La stabilizzazione è una chimera: basti pensare che il finanziamento previsto nella legge di bilancio, che scarica sulle università statali la responsabilità di assunzione delle migliaia di ricercatori precari, potrebbe non permettere agli atenei neanche di stabilizzare i soli 1.600 ricercatori “coperti” sui 4.500 individuati dal Governo stesso o, addirittura, sugli oltre 20 mila stimati dai sindacati in un conteggio che considera tutte le forme di contratti a tempo determinato su cui si appoggiano l’università italiana e i centri di ricerca. Eppure, dice Panetta, “investire in istruzione, ricerca e formazione significa investire a un tempo nelle potenzialità del Paese e nelle aspirazioni dei singoli: nella capacità dei giovani di scegliere, di crescere, di contribuire a un’economia più dinamica e a una società più giusta”.
Niente professionisti per le imprese e fuga all’estero per i salari
In questo contesto, non è una sorpresa che i giovani laureati italiani preferiscano andare all’estero: in Germania, rileva il governatore, guadagnano in media l’80 per cento in più dei coetanei italiani mentre il differenziale rispetto alla Francia è del 30 per cento. La fuga è a discapito della crescita del Paese e a cui contribuisce il livello dell’Istruzione. “Formare i giovani è un investimento ad alto rendimento per la società. Un’ampia letteratura teorica indica che livelli più elevati di capitale umano accrescono il potenziale di sviluppo di un’economia. Le evidenze empiriche confermano che i paesi in cui l’istruzione della popolazione progredisce più rapidamente registrano tassi di crescita più elevati”

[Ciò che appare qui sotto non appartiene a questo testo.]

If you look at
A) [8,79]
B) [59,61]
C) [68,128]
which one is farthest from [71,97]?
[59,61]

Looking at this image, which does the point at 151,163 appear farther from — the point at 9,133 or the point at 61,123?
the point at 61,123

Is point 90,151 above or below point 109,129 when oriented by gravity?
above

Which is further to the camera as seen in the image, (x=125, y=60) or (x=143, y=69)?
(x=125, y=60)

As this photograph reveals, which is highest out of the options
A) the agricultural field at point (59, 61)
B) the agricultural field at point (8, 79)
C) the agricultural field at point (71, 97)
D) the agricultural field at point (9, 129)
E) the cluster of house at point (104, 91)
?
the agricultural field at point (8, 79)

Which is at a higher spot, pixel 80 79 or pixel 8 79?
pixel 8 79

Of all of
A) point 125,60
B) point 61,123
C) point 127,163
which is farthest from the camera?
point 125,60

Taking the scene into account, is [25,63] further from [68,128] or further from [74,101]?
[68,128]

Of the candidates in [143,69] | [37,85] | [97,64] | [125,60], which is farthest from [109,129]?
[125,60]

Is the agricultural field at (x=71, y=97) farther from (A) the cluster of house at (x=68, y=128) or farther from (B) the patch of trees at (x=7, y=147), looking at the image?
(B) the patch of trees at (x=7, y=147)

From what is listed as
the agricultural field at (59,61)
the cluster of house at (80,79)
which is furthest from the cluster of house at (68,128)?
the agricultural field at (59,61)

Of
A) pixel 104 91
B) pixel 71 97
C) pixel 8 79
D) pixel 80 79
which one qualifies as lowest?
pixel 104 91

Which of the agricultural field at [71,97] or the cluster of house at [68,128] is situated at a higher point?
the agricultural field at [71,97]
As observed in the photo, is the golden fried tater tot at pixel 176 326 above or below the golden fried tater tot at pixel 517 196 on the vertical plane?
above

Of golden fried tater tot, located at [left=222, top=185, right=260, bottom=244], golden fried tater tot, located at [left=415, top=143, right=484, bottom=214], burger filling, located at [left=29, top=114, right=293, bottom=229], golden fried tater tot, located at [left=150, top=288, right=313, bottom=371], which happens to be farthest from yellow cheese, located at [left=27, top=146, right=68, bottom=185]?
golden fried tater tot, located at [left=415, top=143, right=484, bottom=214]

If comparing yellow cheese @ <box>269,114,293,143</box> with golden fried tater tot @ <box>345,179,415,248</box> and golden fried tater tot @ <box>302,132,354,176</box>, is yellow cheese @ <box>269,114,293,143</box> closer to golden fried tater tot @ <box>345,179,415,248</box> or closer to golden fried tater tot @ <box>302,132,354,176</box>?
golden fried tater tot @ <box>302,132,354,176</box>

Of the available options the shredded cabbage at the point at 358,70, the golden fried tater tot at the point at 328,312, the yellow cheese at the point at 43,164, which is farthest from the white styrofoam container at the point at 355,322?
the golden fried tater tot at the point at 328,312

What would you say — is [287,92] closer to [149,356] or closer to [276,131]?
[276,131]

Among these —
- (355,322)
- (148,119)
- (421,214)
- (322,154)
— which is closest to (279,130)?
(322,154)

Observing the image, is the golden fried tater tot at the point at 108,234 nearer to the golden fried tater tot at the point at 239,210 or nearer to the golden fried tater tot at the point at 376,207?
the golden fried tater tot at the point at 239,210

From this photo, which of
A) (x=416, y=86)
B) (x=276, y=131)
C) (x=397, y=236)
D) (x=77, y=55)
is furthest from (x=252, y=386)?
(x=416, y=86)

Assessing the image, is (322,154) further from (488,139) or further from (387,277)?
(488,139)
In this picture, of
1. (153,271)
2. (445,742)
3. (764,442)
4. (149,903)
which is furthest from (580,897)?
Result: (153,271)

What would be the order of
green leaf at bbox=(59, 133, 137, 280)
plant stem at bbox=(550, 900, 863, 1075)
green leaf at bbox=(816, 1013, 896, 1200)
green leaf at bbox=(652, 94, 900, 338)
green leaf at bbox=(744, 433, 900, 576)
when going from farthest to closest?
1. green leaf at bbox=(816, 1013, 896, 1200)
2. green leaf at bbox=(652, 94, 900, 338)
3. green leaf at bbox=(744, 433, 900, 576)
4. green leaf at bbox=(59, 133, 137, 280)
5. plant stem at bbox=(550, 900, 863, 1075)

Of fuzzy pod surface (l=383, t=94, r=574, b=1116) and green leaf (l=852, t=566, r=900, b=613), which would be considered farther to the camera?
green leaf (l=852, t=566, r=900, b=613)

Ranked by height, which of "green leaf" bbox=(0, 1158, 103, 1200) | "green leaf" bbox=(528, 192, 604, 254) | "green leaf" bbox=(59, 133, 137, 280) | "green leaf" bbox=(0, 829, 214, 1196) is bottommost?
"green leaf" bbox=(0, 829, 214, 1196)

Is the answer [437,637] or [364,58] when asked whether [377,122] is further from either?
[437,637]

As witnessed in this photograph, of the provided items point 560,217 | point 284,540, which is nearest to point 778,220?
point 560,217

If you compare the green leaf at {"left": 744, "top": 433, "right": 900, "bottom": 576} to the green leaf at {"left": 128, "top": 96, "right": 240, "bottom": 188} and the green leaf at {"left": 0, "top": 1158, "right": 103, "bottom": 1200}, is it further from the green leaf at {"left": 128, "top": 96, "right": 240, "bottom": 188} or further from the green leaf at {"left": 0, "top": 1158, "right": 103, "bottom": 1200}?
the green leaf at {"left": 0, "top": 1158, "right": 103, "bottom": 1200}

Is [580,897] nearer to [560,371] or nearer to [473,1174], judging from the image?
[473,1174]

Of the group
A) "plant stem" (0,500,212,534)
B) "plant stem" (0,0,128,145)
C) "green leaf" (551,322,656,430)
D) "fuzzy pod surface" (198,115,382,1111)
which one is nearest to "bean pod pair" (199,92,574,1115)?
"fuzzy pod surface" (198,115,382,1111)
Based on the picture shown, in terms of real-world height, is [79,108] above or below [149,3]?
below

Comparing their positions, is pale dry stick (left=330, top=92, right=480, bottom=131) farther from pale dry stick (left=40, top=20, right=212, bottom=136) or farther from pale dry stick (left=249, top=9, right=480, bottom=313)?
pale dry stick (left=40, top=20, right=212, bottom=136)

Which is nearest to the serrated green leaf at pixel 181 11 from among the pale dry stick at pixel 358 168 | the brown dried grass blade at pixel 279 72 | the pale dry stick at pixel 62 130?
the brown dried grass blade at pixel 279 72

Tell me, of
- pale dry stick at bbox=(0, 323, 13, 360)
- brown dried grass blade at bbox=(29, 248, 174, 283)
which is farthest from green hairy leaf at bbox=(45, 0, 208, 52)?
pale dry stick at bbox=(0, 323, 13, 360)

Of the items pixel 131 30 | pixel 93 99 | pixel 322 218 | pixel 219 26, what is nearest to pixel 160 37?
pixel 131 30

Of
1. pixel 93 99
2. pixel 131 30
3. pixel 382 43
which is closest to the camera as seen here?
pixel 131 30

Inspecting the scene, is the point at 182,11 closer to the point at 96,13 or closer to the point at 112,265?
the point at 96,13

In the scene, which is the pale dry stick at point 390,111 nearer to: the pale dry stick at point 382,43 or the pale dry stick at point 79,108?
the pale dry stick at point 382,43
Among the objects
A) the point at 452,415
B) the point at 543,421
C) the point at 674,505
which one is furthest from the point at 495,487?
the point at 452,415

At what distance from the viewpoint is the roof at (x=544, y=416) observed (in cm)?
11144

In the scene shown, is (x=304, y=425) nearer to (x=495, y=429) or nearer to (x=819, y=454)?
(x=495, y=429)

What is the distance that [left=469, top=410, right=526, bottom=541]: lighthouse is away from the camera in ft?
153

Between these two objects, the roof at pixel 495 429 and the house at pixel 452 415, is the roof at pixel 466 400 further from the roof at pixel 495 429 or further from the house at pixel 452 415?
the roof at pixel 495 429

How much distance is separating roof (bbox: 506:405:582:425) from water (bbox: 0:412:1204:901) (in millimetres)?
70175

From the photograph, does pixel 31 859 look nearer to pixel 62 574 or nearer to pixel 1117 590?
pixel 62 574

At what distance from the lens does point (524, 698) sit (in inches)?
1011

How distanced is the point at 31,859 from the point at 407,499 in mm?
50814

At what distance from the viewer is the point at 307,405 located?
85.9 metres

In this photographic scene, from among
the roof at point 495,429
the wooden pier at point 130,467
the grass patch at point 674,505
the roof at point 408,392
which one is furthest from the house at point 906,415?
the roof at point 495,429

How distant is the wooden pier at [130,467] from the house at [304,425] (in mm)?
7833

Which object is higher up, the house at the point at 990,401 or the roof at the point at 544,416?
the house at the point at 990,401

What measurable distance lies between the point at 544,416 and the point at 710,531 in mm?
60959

Ed è proprio il basso rendimento della formazione universitaria in Italia a spingere un numero crescente di giovani laureati a emigrare all’estero: “Un fenomeno – dice Panetta – che interessa anche il Nord del Paese”. Circa un decimo dei laureati se ne va, con incidenze più elevate tra ingegneri e informatici “figure professionali per le quali le imprese italiane segnalano una crescente carenza”. Una crescita stabile, deve infatti poggiare su un innalzamento della produttività. “Ciò richiede investimenti in innovazione e capitale umano, due ambiti in cui l’università svolge un ruolo centrale”. E quando un’economia non dispone di professionalità adeguate “il progresso tecnologico tende ad ampliare le disuguaglianze: i lavoratori con competenze più elevate ne traggono beneficio, mentre quelli con livelli di istruzione più bassi rischiano di rimanere indietro”.